‘This battle will be decided by whether or not you two stop acting like a pair of screaming amateurs.’¹
[This is part of a series of entries considering GAR. The first one sets out what’s happening, the second reinterprets the epic tradition through the lens of GAR, the third examines the relationship between GAR and gender and the fourth makes the case for moral GAR.]
Moving away from moral GAR back to GAR considered in general terms, I’m now going to explain
how GAR can make you thin in just 28 days! why GAR is (mostly) a good thing for the anime viewer. [I’m keeping The GAR Diet to myself ’til the patent comes through.]
The rather tired phrase ‘role-model’ is bandied about a fair bit these days (in the British media, at least) but – unlike certain other popular phrases – it has managed to retain its meaning. The emulation of those one admires is a significant force in changing one’s character in the long term (though not in the short term).

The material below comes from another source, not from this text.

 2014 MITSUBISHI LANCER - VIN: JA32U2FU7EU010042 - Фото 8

Consider the enduring popularity of stories about people we are meant to admire – the presence in the newspapers of members of the public who stop robberies, the instructive or didactic messages of successful children’s storybooks; consider too the long tradition of saints’ lives in medieval literature and indeed the way that a number of religions hold up one or more figures as the ultimate exemplars for correct behaviour.

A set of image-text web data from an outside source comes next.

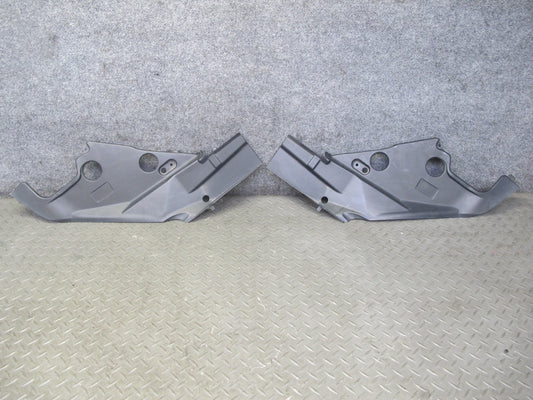 2012-2020 Mercedes R172 SLK SLC Left & Right Side Radiator Support Bracket Set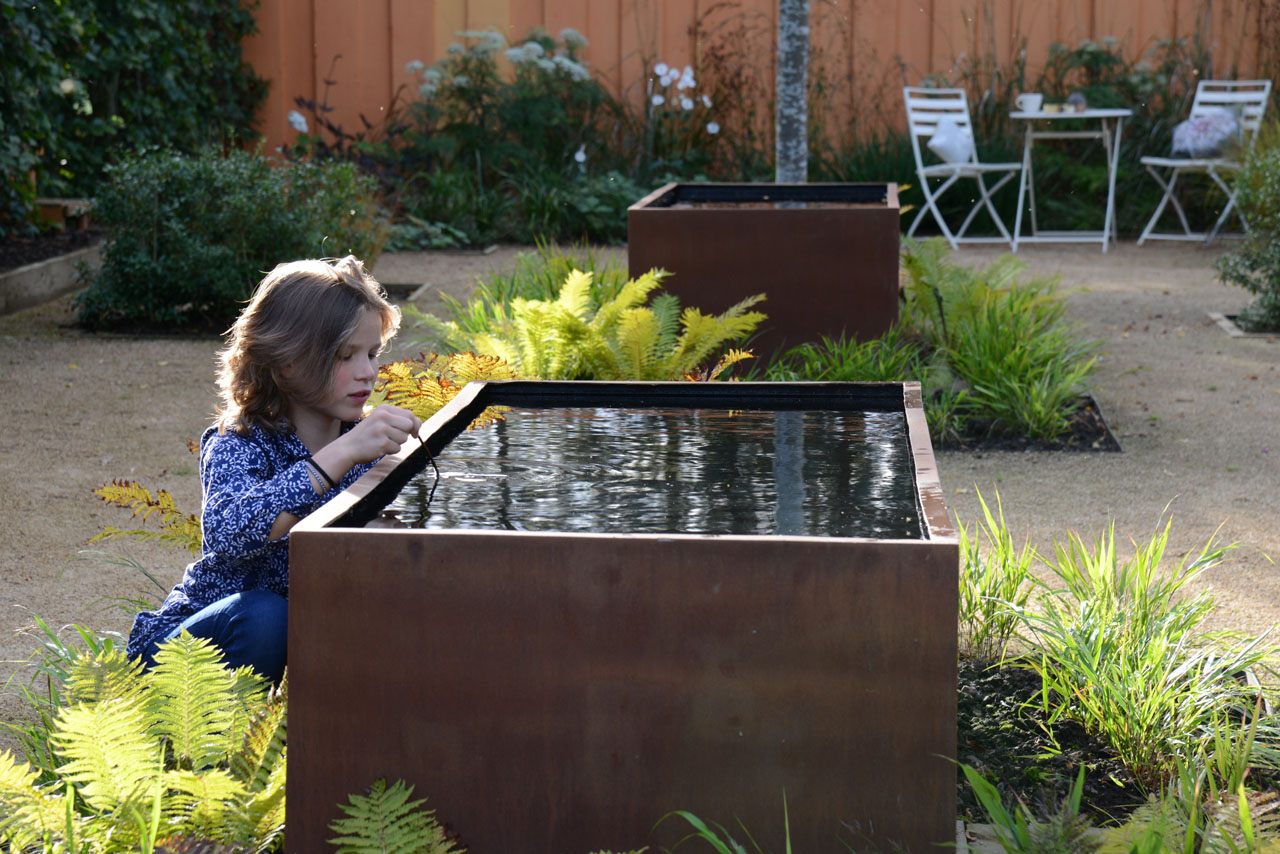 Fairnielaw Garden, East Lothian, nr Edinburgh designed by Semple Begg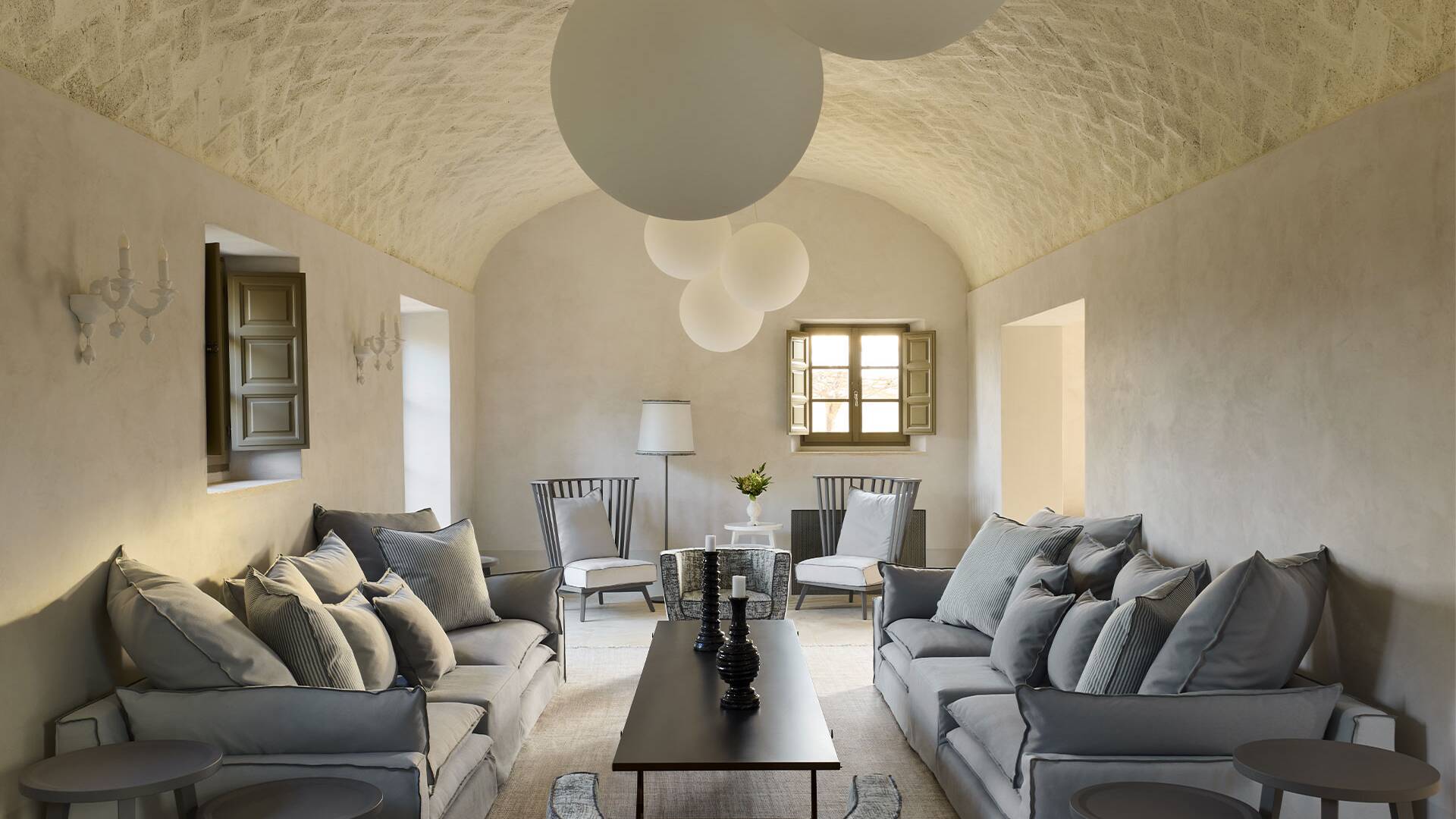 main villa, ground floor, living room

In previous parts of this series, I’ve established that GAR is relational – we feel GAR for a character, and without an audience to feel GAR a character cannot be GAR – and that GAR involves a power gap: we feel GAR for characters who we look up to, admire, because they are more filled with manly courage and virtue than we are. Will (of Criminally Wierd) produced an interesting take on this, in which he built on the metaphor of the relationships between sheep, sheepdog and wolf.

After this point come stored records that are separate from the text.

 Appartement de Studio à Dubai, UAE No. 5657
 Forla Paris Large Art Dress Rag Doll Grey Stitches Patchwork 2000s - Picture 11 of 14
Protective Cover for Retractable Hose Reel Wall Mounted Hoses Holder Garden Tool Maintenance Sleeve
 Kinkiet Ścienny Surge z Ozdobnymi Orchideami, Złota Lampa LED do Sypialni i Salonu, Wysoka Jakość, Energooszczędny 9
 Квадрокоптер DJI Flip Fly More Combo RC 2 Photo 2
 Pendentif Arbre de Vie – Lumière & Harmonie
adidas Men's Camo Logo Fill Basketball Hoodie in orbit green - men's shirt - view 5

From left to right: wolf, sheepdog, sheep²
I think this is a useful metaphor. If feeling moe for a character involves thinking of oneself in the role of the sheepdog, and placing the moe character in the role of the sheep, and GAR is a sheepdog quality, then feeling GAR for a character involves placing the GAR character in the role of the sheepdog. And if we’re considering a character who’s stronger than us to be the sheepdog, there’s an unsettling implication: we might be as weak as the sheep.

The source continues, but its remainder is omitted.